The other day I was talking to a business purchaser who told me he was just about to draft his Heads of Agreement for a purchase of a non-core business division, when his partner, who was having a chat to one of the target’s employees, unearthed a very nasty employment dispute between the owner and one of his sales managers.
At first they weren’t too concerned, after all the business was changing hands – it wasn’t their problem.
Fortunately, the buyers ran it past their lawyer, who in no uncertain terms told them that it sure was going to be their problem, and that the owner should have disclosed the details on the dispute. The potential downside wasn’t going to be too severe, in the low five figures, if the employee won in arbitration. However the fact that the vendor owner held this back put the buyers right off, not unsurprisingly concerned there may be other skeletons in the closet.

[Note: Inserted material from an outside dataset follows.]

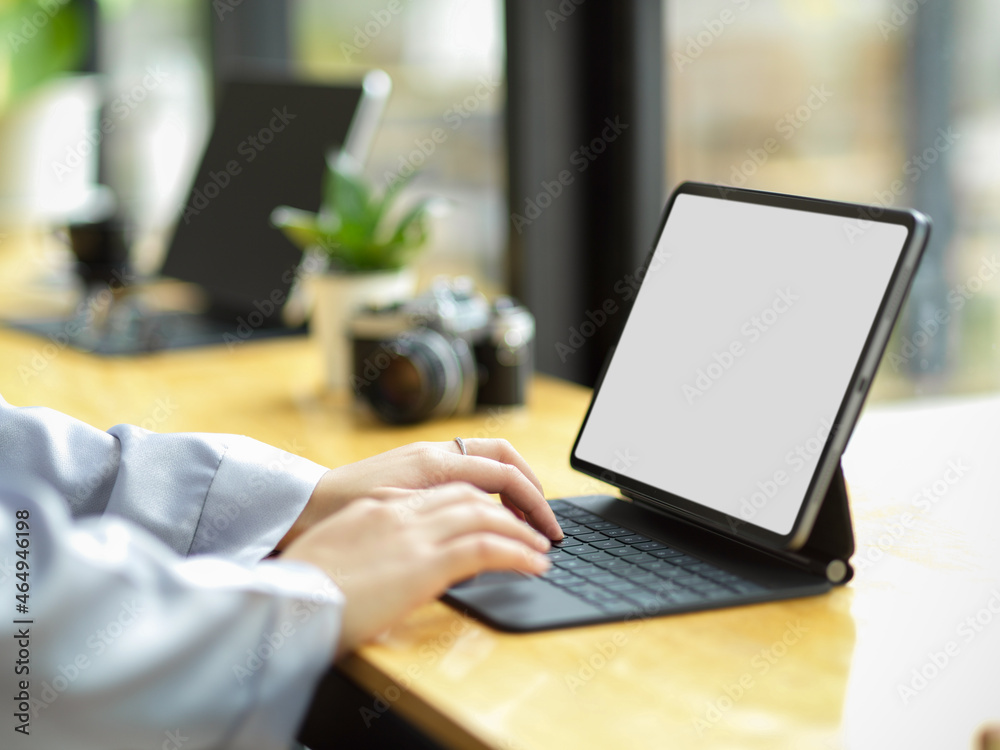 Elegant businesswoman remote working at coffee shop, working on digital portable tablet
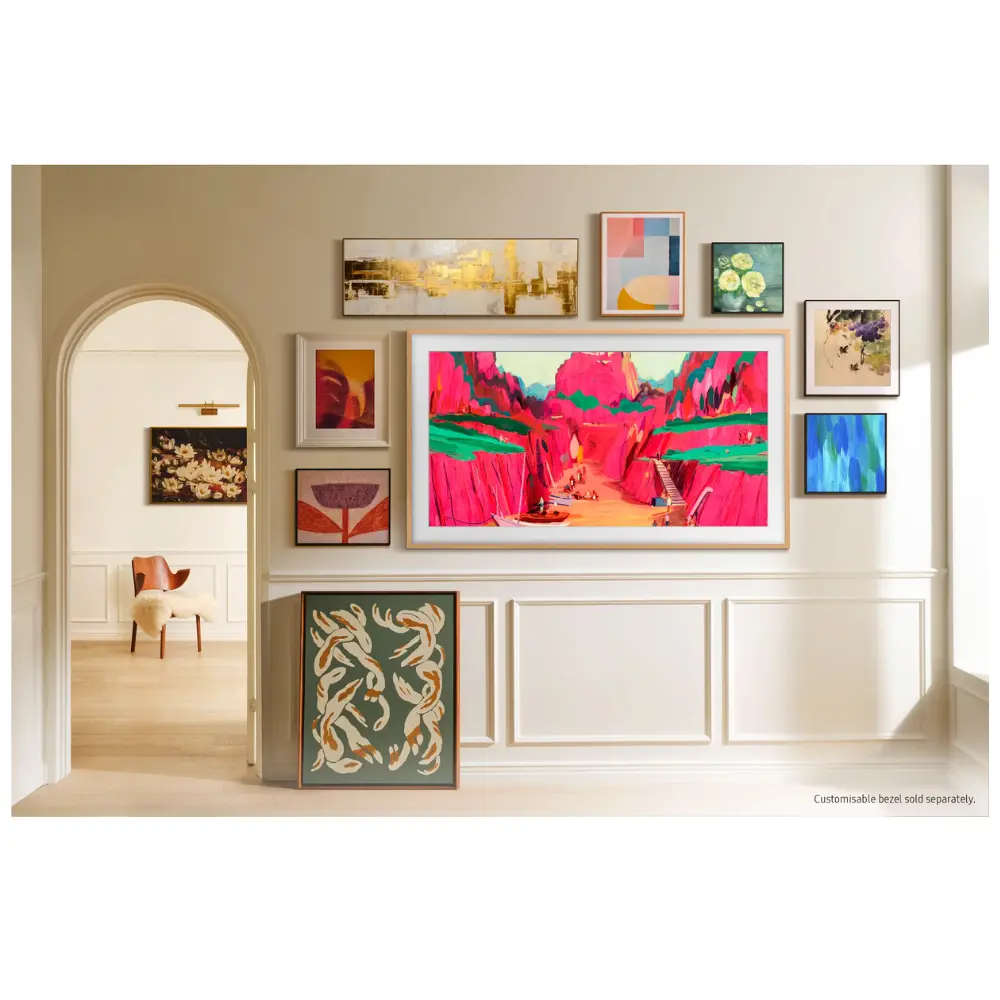 Wall-mounted slim-frame art TV displaying colorful landscape artwork in a living room.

The legal side of this is all laid out in no uncertain terms under the Transfer of Undertakings (Protection of Employment) Regulations 2006, commonly referred to as TUPE.
Anyone buying a business needs to understand that they are not only inheriting employees, but also responsibility to honour all existing employment contracts and conditions of employment. This extends to disputes, tribunal claims and collective employment agreements.
The TUPE regulations apply whenever there is deemed to be a ‘relevant transfer’ of an undertaking and applies to mergers, sale of a business by way of assets sale, going concern, or a change in franchisee among others. It does not apply to business transfers by way of share take-over.